Picture from the web:
|It seemed to go on forever|
Washington DC is very urban, hence there are no really great choices as far as RV parks go in the area. That said, I am at an extremely expensive RV park ($58 after discounts) in College Park called Cherry Hill Park. It actually is rather an amazing place. They have 400 sites, it is huge. They make it very easy to get into D.C. A Metrobus comes right to the park which takes you to the subway which takes you into town. It takes about an hour travel time, but it is super convenient. This park also has a one mile nature trail which winds through the woods around the park. Great place to walk Miko. The cons are that it is right in the middle of several freeways, so there is a noise factor. Have you ever noticed that freeway noise is sort of like the crash of waves? It gets to be sort of a white noise after a while.
I bought a metro pass which allows me to take the bus and subway and headed into town. Most of the other people who left the park with me were heading to the Smithsonian museums or the Washington Mall. Not me. I had some really cool things planned.

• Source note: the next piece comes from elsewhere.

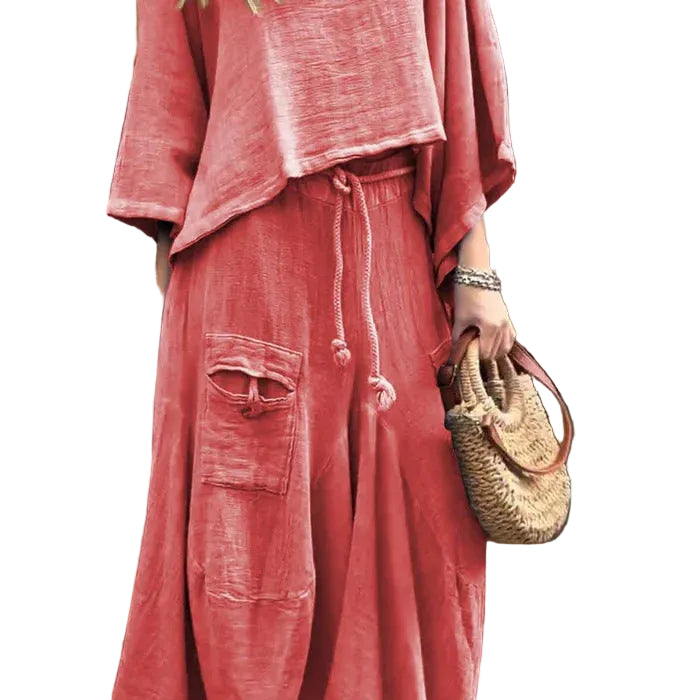 Relaxed Asymmetric Top and Maxi Skirt Set - red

First up was the Museum of Crime and Punishment. Today was it's last day of being open – they had lost their lease and were looking for a new place. When you first get started touring the museum, it starts of chronological – we are back in the Middle Ages and there are all sorts of exhibits of various torture devices. I must admit, at this point I was questioning my decision to go to this museum. As I went further into the museum, it became more and more fascinating.
|Thumbscrews, Leg Irons, Head Cage (in case you needed to poke eyes out or something)|
After the medieval exhibit, it started talking about crimes that happened in the colonial period of America. There was an understanding that if crimes were not punished severely enough, God would bring down all sorts of wrath.
After the colonial period, there was a section about pirates which talked, among other things, about how and why their various interpretations of the Jolly Roger flag was flown. There was also a section on women pirates who could be just as blood thirsty as their male counterpoints.
The exhibits proceeded on in chronological order, through prohibition with Dillinger, Pretty Boy Floyd and Bonnie and Clyde. On to current day (or at least the last thirty/forty years) with Manson, Dahmer, Gacy.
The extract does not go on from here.